Jubilarse no es desaparecer. Sí, quizá, un poco de la vida pública como tal, con Eucaristías presididas a diario, presentaciones de actos sin parar o entrevistas de medios por doquier. Se jubila uno del cargo, pero no se jubila de la presencia. El cardenal Carlos Osoro, arzobispo emérito de la archidiócesis de Madrid y hasta el 8 de julio su administrador apostólico, seguirá siendo padre, pastor y vecino. Enamorado de Dios y, por tanto de sus queridos hijos, se ha saltado reuniones importantes por acudir a la cárcel de Soto del Real, a acompañar a sus presos, unos de sus favoritos. Ha comido bocatas en medio del frío invierno en la plaza de la Almudena para escuchar los anhelos de los jóvenes una vez al mes. Se ha remangado la sotana en las periferias físicas y existenciales de Madrid, como es la Cañada Real y ha visitado recurrentemente la casa donde uno de sus sacerdotes acoge a migrantes. «Nunca pensé que un obispo sería mi amigo», cuenta Sadio, guineano, en estas páginas. Musulmán practicante, fue para él un choque que un prelado se acercase a su casa, le abrazase, le preguntara qué tal estaba.

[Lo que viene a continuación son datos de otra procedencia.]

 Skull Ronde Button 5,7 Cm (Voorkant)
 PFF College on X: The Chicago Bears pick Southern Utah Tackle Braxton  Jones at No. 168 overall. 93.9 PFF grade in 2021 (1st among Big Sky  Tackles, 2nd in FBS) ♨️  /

Predicador entregado, cuenta el cardenal Omella, presidente de los obispos españoles, que un joven de su diócesis llamó a la puerta del seminario barcelonés tras escuchar un sermón del obispo cántabro en la catedral de la capital, donde entró sin esperar mucho a cambio. Otro muchacho en un momento difícil de su vida le abordó en la colegiata de San Isidro y fue el comienzo de no pocas visitas que fueron forjando amistad y un camino menos serpenteante.
Carlos Osoro se jubila, pero seguirá viviendo en Madrid, aunque su hermano le requiera en el norte para pasar tiempo con su familia. Quiere rezar, leer. Y acompañar, porque ser pastor va unido a su ADN. Ahora toca a los madrileños, y a tantos por cuyas diócesis peregrinó, devolver esa entrega y no dejar solo a un padre que se sentó en el borde de su cama cuando tuvieron fiebre.